A 16-team college football playoff — four rounds to determine the national championship, the likes of which have never before been seen at the FBS level of this sport. Twelve teams were voted down, and while the number eight is still out there, many believe that a playoff that small wouldn’t solve the exclusivity issue that the current iteration faces.

But what would a 16-team, no-bye playoff look like as we watch the tectonic plates at the very foundation of the sport continue to shift this year?

How will the teams be chosen?

The first question is how the 16 teams would be decided if this were to come to fruition. Do we go back to the AP Poll decisions from the BCS days? Or is there still a CFP committee — one that might be less controversial in a world in which more than four teams get a chance to take on the big stage each year?

Do conference winners get an automatic bid — and, more importantly, what are the conferences? If, as we’ve written about, we’re headed toward a completely different conference structure in which the Big Ten and SEC dominate the sport while the Big XII and ACC become sort of second-tier conferences (and the Pac-12 may be long gone by then), do the much larger the Big Ten and SEC each get two representatives if the number of participants in each conference warrants such an imbalance?
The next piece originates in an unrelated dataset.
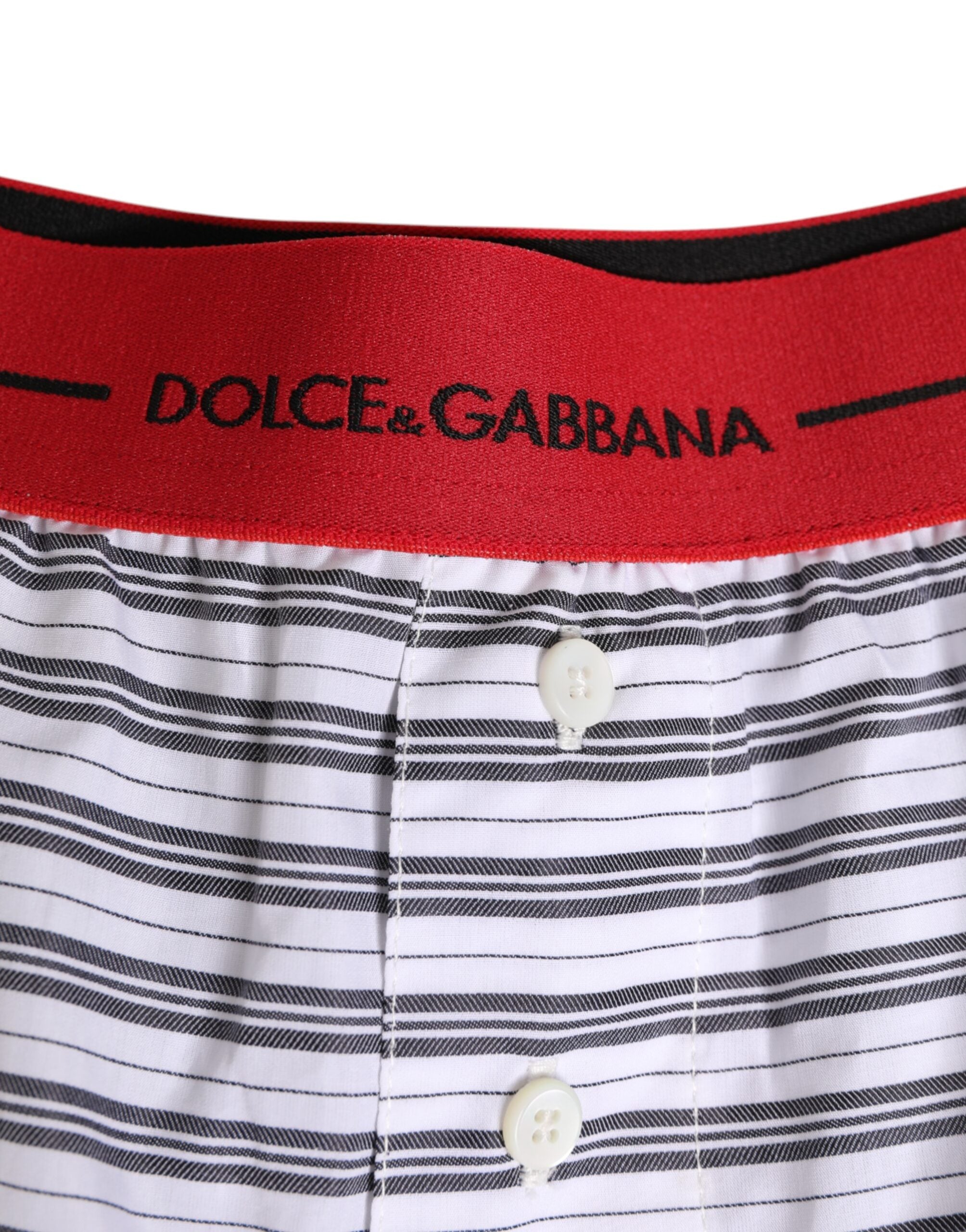 Dolce & Gabbana white striped cotton shorts with red waistband swimwear-3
The end of the conference championship?

In a world of a 16-game college football playoff, four extra weekends would be added to the regular season. Four extra 60-minute periods, more physically demanding and emotionally draining than most games each team will face throughout the regular season, four more opportunities for career-ending injuries or tanking draft stock.

With the recent shirking of traditional conferences and, with that, a lot of tradition, a 16-team playoff could be the end for conference championship games. It’s a relatively easy game to cut, made easier by the concept that it’s more likely than not that the two teams that would have played in such a game will now both be in the hunt for a national title in such a playoff and may even end up playing each other at some point in it.

And we can’t forget the health risks, the end-of-season exhaustion, and the full-time student status. Realistically, there would need to be cuts to the regular season or postseason to make this an option for college football. Right now, the most games a team can play is 15, and the majority play 13. If conference championships remained along with a 16-team playoff format, teams could play up to 17 games in a season, which would dilute the actual product at the end of the season, particularly without ample recovery time between the end of the regular season and the bowls and tournament, as we have now. So either an 11-game season with extra weeks off for the team would be implemented (and with TV deals, I don’t see that happening), or conference championships will cease to exist. (For God’s sake, conferences are about to cease to exist, anyways.)

And what about other bowl games?

With the best 16 teams playing in a playoff each year, the rest of the bowl games kind of get screwed over, ratings-wise. Assuming that the first eight games of such a postseason tournament are all bowl games, as the first two are in our current interaction, how will the rest of the bowls find a place in the sport and the sponsors to pay for it? Sure, bowls are tradition, but if the money’s not there, I’m not sure what our future stretches between Christmas and New Year’s will look like.